Reputation:
I have done a calculation using SSE to improve the performance of my code, of which I include a minimal working example. I have included comments and the compilation line to make it as clear as possible, please ask if you need any clarification.
I am trying to sum N bits, bit[0], ..., bit[N-1]
, and write the result in binary in a vector result[0], ..., result[bits_N-1]
, where bits_N
is the number of bits needed to write N in binary. This sum is performed bit-by-bit: each bit[i]
is an unsigned long long int, and into its j-th bit is stored either 0 or 1. As a result, I make 64 sums, each of N bit, in parallel.
In lines 80-105 I make this sum by using 64-bit arithmetic.
In lines 107-134 I do it by using SSE: I store the first half of the sum bit[0], ...., bit[N/2-1]
in the first 64 bits of _m128i objects BIT[0], ..., BIT[N/2-1]
, respectively.

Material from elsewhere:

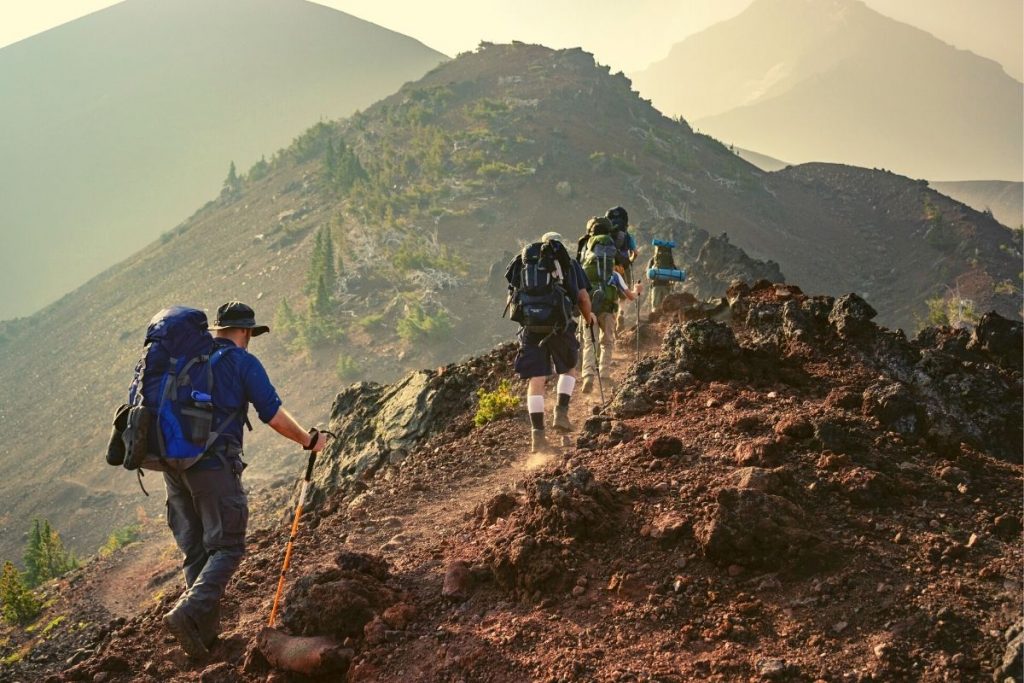 group of backpackers walking through a mountain ridge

Similarly, I store bit[N/2], ...., bit[N-1]
in the last 64 bits of BIT[0], ..., BIT[N/2-1]
, respectively, and sum all the BIT
s. So far everything works fine, and the 128-bit sum takes the same time as the 64-bit one. However, to collect the final result I need to sum the two halves to each other, see lines 125-132. This takes a long time, and makes me lose the gain obtained with SSE.
I am running this on an Intel(R) i7-4980HQ CPU @ 2.80GHz with gcc 7.2.0.
Do you know a way around this?
Upvotes: 0
Views: 380
Reputation: 20037
The low part can be trivially saved with movq
instruction or either _mm_storel_epi64 (__m128i* mem_addr, __m128i a);
intrinsic storing to memory, or _mm_cvtsi128_si64
storing to register.
There is also a _mm_storeh_pd
counterpart, which requires cast to pd
and may cause a stall due to mixing floating points and integers.
The top part can be of course moved to low part with _mm_shuffle_epi(src, 0x4e)
and then saved with movq
.
Upvotes: 1